- What needs to be done -
Give again, word for word, each line below starting at the one that contains "girl's dresses kids" and ending at the one that contains "Puma Kids Basket".

- Data extracts -
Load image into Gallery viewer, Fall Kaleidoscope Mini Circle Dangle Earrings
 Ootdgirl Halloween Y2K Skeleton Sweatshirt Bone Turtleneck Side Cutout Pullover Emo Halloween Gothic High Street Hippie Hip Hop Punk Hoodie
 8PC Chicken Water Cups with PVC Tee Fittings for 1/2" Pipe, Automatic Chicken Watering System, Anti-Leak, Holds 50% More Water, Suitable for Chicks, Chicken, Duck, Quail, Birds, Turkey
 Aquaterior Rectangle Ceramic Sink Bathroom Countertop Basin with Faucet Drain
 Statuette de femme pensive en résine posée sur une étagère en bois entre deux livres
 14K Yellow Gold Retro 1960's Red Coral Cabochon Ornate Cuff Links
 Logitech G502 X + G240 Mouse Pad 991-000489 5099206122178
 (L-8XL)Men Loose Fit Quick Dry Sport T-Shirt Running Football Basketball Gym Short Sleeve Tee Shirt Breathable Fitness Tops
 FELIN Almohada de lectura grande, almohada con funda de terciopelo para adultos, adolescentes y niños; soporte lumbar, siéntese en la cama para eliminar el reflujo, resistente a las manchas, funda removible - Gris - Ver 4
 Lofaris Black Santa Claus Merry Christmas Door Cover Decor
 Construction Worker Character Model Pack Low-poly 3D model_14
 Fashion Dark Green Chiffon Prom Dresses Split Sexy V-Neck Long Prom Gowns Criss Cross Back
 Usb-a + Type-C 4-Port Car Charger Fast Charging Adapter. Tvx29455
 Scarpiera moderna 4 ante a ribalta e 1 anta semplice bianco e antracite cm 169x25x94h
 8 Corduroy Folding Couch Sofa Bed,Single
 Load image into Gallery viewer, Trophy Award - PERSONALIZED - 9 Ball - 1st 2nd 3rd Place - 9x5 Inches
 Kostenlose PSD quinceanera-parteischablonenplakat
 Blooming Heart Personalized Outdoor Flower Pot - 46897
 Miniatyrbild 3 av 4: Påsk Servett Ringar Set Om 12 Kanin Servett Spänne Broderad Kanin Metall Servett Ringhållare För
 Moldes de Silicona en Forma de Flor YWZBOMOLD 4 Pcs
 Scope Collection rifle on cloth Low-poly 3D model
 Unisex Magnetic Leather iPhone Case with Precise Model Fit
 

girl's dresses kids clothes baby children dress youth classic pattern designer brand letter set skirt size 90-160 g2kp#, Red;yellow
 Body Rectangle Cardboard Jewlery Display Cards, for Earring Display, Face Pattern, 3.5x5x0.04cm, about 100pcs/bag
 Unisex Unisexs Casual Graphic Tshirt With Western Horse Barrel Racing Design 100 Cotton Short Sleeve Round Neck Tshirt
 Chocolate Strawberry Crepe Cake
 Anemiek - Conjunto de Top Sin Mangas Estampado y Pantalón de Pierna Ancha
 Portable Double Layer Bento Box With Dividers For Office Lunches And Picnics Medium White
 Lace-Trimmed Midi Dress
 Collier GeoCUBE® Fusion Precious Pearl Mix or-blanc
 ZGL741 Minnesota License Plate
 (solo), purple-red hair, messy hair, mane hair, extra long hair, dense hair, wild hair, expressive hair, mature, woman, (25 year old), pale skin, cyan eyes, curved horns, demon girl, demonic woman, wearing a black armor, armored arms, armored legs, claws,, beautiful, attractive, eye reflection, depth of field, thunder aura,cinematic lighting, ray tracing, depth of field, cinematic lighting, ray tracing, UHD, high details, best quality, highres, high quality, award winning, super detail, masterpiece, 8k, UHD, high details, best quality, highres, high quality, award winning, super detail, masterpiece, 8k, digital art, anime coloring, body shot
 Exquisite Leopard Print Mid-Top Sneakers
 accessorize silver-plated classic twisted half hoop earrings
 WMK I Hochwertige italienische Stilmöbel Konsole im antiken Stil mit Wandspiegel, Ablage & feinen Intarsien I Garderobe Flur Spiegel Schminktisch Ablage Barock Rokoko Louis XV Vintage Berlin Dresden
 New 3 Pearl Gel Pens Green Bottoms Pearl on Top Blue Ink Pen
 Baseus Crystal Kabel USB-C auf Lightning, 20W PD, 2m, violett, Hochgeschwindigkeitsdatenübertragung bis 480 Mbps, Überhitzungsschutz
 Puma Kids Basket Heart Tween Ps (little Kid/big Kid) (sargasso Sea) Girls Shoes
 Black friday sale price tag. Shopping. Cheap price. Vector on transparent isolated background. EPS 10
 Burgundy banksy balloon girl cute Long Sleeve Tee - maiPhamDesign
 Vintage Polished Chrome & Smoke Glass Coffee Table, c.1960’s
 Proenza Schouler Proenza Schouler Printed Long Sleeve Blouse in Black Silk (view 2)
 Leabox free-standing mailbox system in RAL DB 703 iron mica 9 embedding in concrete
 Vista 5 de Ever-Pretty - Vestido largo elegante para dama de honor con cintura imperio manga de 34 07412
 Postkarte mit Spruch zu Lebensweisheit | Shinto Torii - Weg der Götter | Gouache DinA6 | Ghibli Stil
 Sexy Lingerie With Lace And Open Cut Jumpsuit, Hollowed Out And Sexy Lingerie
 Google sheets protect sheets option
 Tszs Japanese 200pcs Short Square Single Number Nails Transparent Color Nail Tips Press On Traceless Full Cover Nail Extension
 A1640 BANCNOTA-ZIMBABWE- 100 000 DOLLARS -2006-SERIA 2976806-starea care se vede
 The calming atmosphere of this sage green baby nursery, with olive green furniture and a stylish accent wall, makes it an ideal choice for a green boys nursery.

- Reply to the exercise -
girl's dresses kids clothes baby children dress youth classic pattern designer brand letter set skirt size 90-160 g2kp#, Red;yellow
 Body Rectangle Cardboard Jewlery Display Cards, for Earring Display, Face Pattern, 3.5x5x0.04cm, about 100pcs/bag
 Unisex Unisexs Casual Graphic Tshirt With Western Horse Barrel Racing Design 100 Cotton Short Sleeve Round Neck Tshirt
 Chocolate Strawberry Crepe Cake
 Anemiek - Conjunto de Top Sin Mangas Estampado y Pantalón de Pierna Ancha
 Portable Double Layer Bento Box With Dividers For Office Lunches And Picnics Medium White
 Lace-Trimmed Midi Dress
 Collier GeoCUBE® Fusion Precious Pearl Mix or-blanc
 ZGL741 Minnesota License Plate
 (solo), purple-red hair, messy hair, mane hair, extra long hair, dense hair, wild hair, expressive hair, mature, woman, (25 year old), pale skin, cyan eyes, curved horns, demon girl, demonic woman, wearing a black armor, armored arms, armored legs, claws,, beautiful, attractive, eye reflection, depth of field, thunder aura,cinematic lighting, ray tracing, depth of field, cinematic lighting, ray tracing, UHD, high details, best quality, highres, high quality, award winning, super detail, masterpiece, 8k, UHD, high details, best quality, highres, high quality, award winning, super detail, masterpiece, 8k, digital art, anime coloring, body shot
 Exquisite Leopard Print Mid-Top Sneakers
 accessorize silver-plated classic twisted half hoop earrings
 WMK I Hochwertige italienische Stilmöbel Konsole im antiken Stil mit Wandspiegel, Ablage & feinen Intarsien I Garderobe Flur Spiegel Schminktisch Ablage Barock Rokoko Louis XV Vintage Berlin Dresden
 New 3 Pearl Gel Pens Green Bottoms Pearl on Top Blue Ink Pen
 Baseus Crystal Kabel USB-C auf Lightning, 20W PD, 2m, violett, Hochgeschwindigkeitsdatenübertragung bis 480 Mbps, Überhitzungsschutz
 Puma Kids Basket Heart Tween Ps (little Kid/big Kid) (sargasso Sea) Girls Shoes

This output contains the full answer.